It all centers around the bridge replacement at Glenwood and Wade avenues in Raleigh that begins Monday.
When the Glenwood Avenue bridge at Wade Avenue was built in 1954, it was a state-of-the-art, high-capacity bridge in an urban setting. After nearly 50 years of wear and tear, the Department of Transportation said it is time for a new bridge.
Despite the protests of environmentalists, a couple of stately oaks will have to go to make way for the bridge replacement. A lot of trees would have gone in the original design, but a save was engineered by the Raleigh Appearance Commission.
"When we first saw the plan about the way the bridge was going to look, the concept was going to be a highway overpass plopped down in the middle of the city of Raleigh, and people who saw the plan were actually very unhappy about it -- hopping mad, in fact," said Charlie Madison, Raleigh Appearance Commission chairman.
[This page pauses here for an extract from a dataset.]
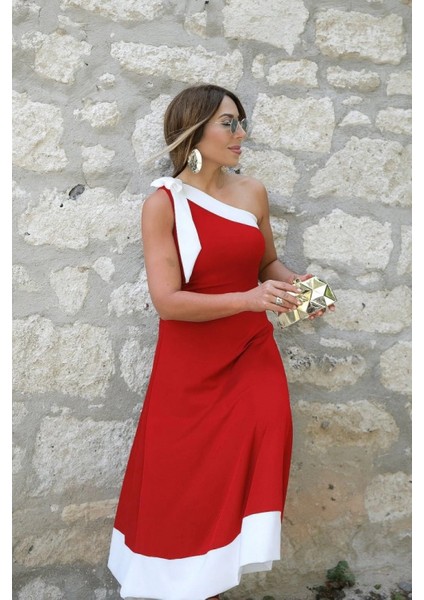 Kadın Tek Omuzu Açık Omuzlardan Kurdela Detaylı Çift Renkli Ithal Krep Elbise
Over two months of discussion, the commission and the DOT worked out a compromise.
"I think everybody kind of came to the middle a little bit, that yes, the bridge needed to be replaced, but we could also get a better looking bridge and have less impact when it comes to the landscaping. So we're happy," Madison said.
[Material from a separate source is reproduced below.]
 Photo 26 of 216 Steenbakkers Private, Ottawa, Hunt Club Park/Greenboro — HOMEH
Work starts Monday at Glenwood and Wade avenues. Officials said motorists can expect lane closures, orange barrels, and delays. The project is expected to take 1.5 years.
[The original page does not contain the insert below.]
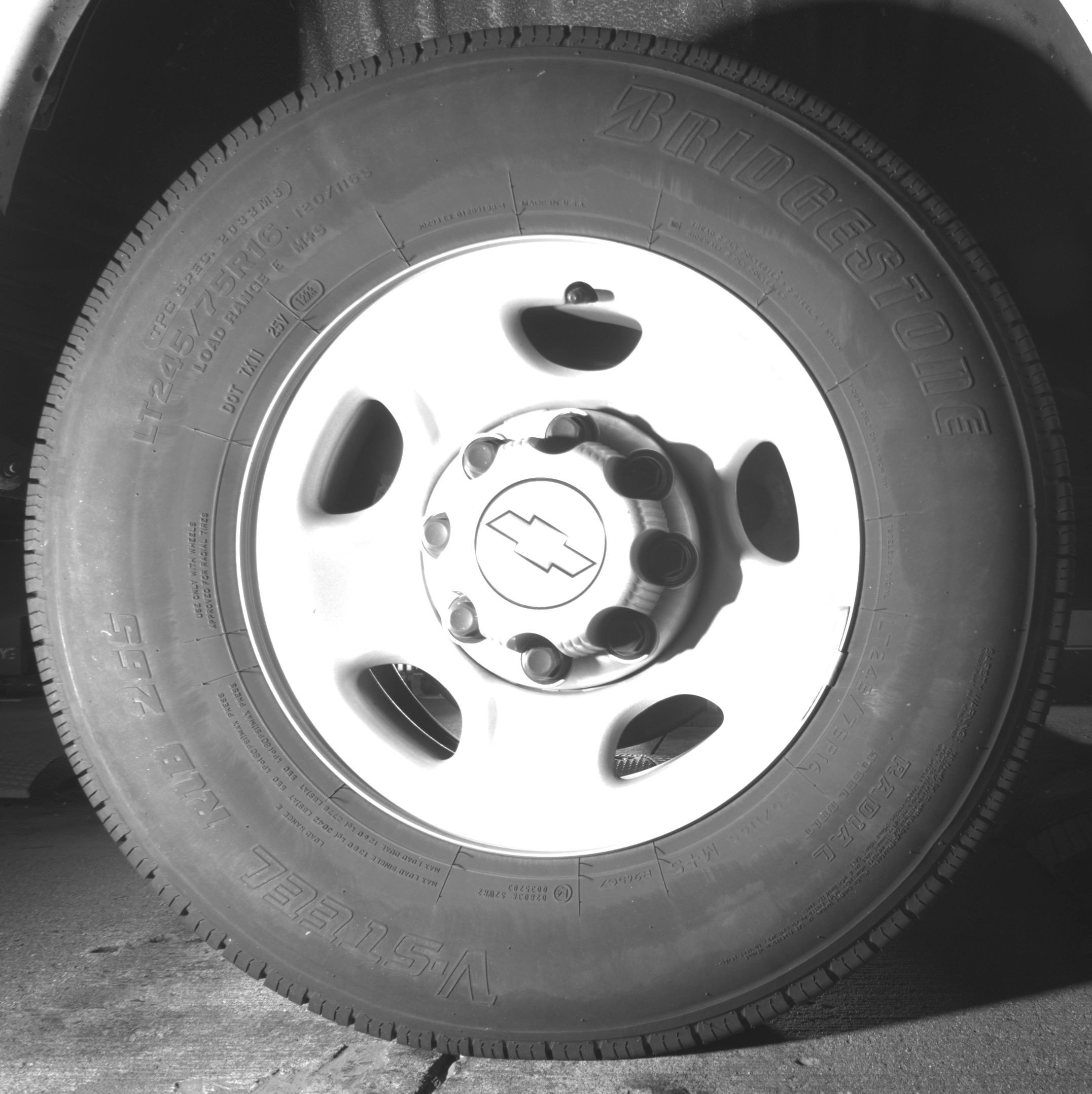 Thumbnail: 2023 Chevrolet Express - 15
The DOT will hold a construction information meeting for people affected by the bridge replacement project. The two-hour meeting is scheduled to start at 6 p.m. Tuesday in the auditorium of the Transportation Building on South Wilmington Street, located across from the state Capitol.
The Hillsborough Street bridge project has reached a transition point but is still far from finished.
DOT crews demolished the old bridge near the state Capitol and are now building the new bridge span. The bridge replacement is slated to be complete in August.
Work is also underway on the Wilmington Street Bridge on the south side of Raleigh. Crews have squeezed five lanes down to two. Engineers said they will demolish and rebuild half of the bridge then move to the other side. The project is expected to be finished by April 2004.